◆ Try it ◆
What is needed is an exact copy of every line from the one with "Kosmetiktasche aus Leder" to the end of the entries below, without the pictures.

◆ Data shown ◆
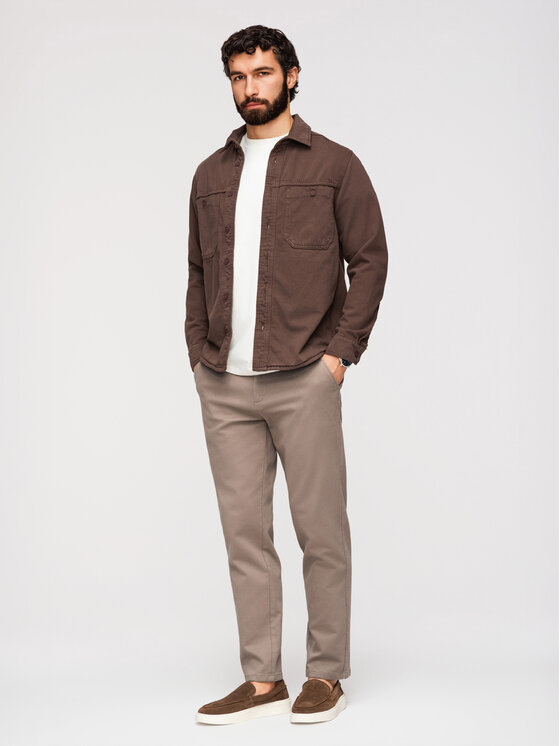 Ombre Ombre Chinosy OM-PACP-0294 Szary Slim Fit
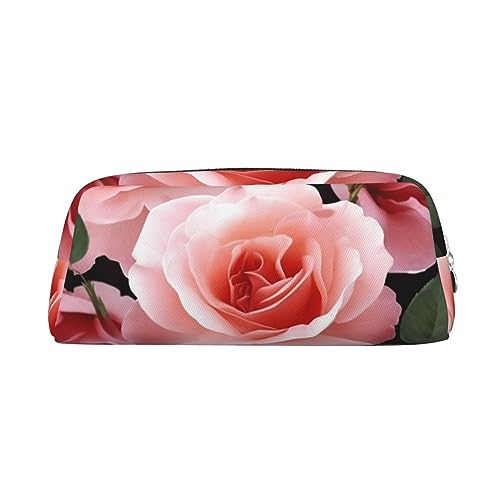 Kosmetiktasche aus Leder mit blühenden Rosenblüten, Kosmetiktasche, Kosmetiktasche, tägliche Aufbewahrungstasche für Damen, silber, Einheitsgröße, Taschen-Organizer von OUSIKA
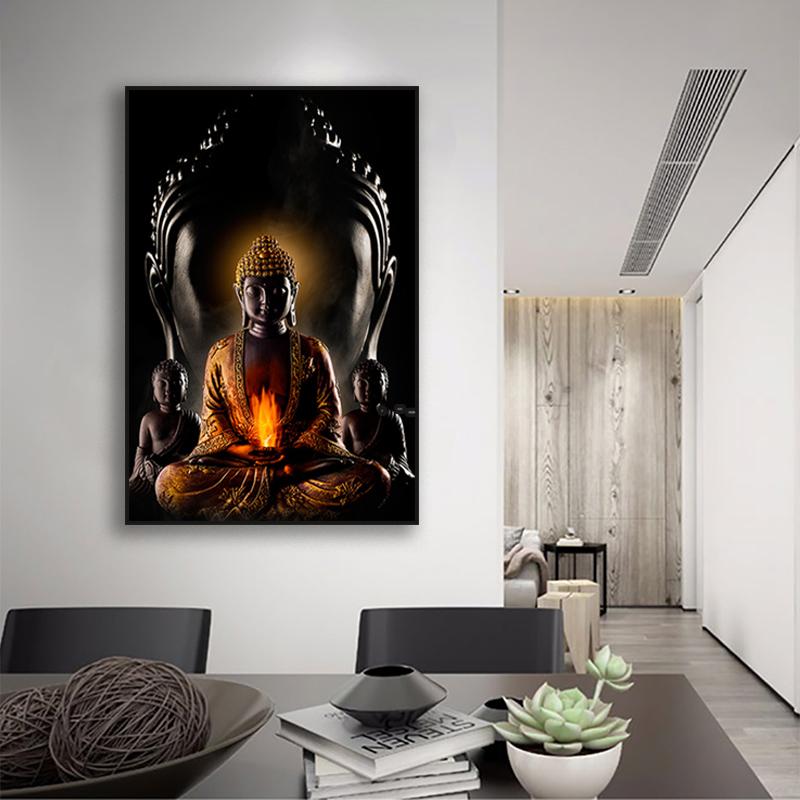 God Buddha Wall Art Prints Buddha Statue Canvas Painting Buddhism Wall Pictures For Living Room Religious Posters Wall Decor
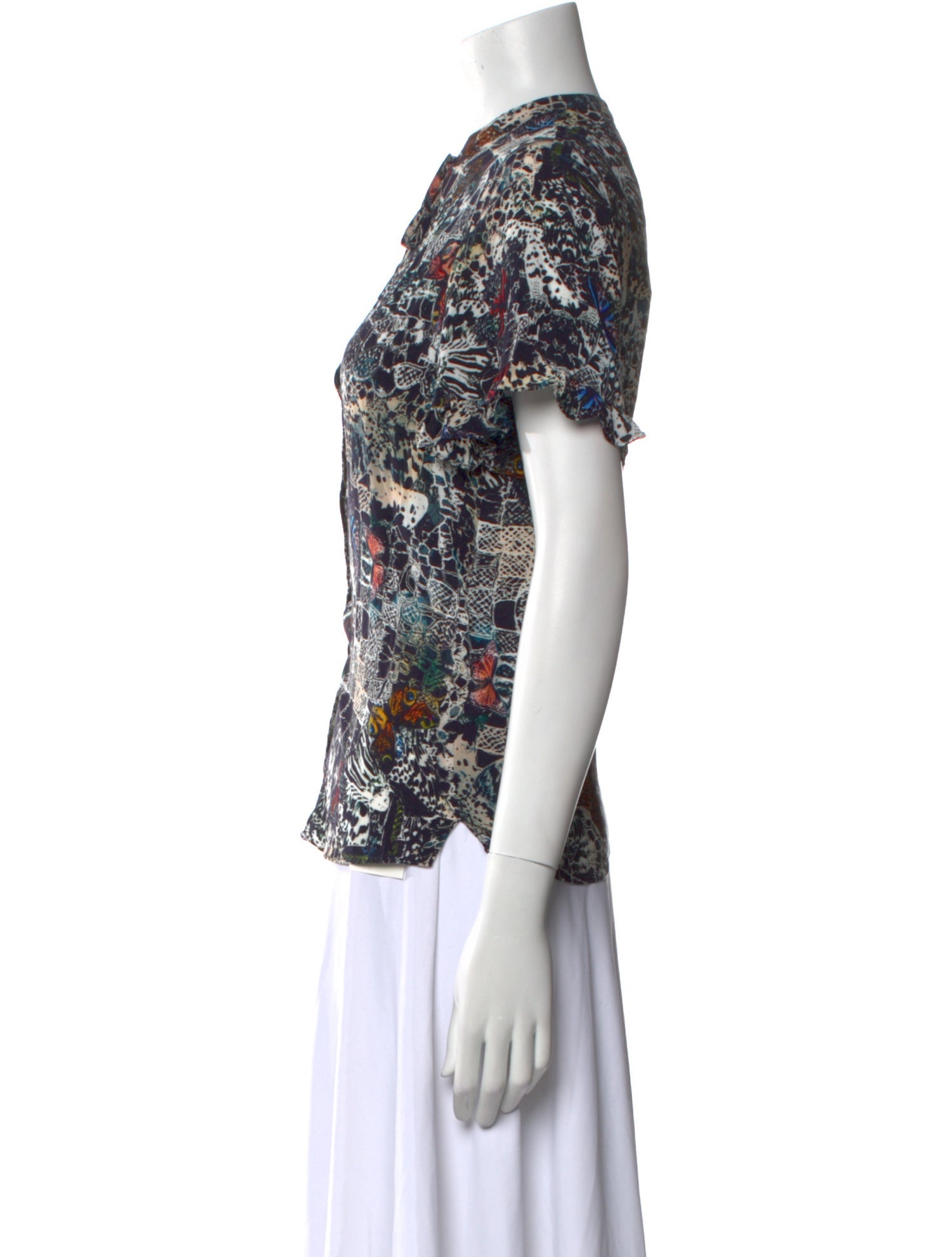 Zadig & Voltaire Printed V-Neck Blouse w/ Tags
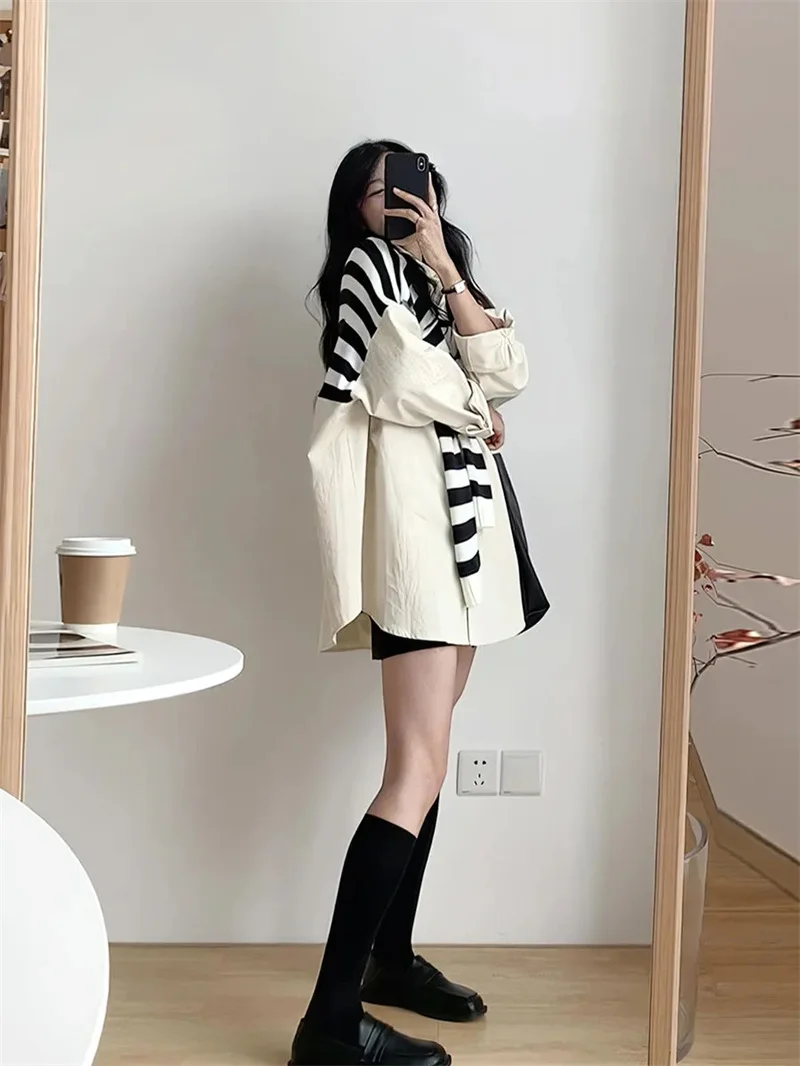 Fat MM300 Catty Extra large Size Fake Two Shawl Shirt Early Autumn New Chic Long Sleeve Loose Lazy Wind Shirt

◆ Expected answer ◆
 Kosmetiktasche aus Leder mit blühenden Rosenblüten, Kosmetiktasche, Kosmetiktasche, tägliche Aufbewahrungstasche für Damen, silber, Einheitsgröße, Taschen-Organizer von OUSIKA
 God Buddha Wall Art Prints Buddha Statue Canvas Painting Buddhism Wall Pictures For Living Room Religious Posters Wall Decor
 Zadig & Voltaire Printed V-Neck Blouse w/ Tags
 Fat MM300 Catty Extra large Size Fake Two Shawl Shirt Early Autumn New Chic Long Sleeve Loose Lazy Wind Shirt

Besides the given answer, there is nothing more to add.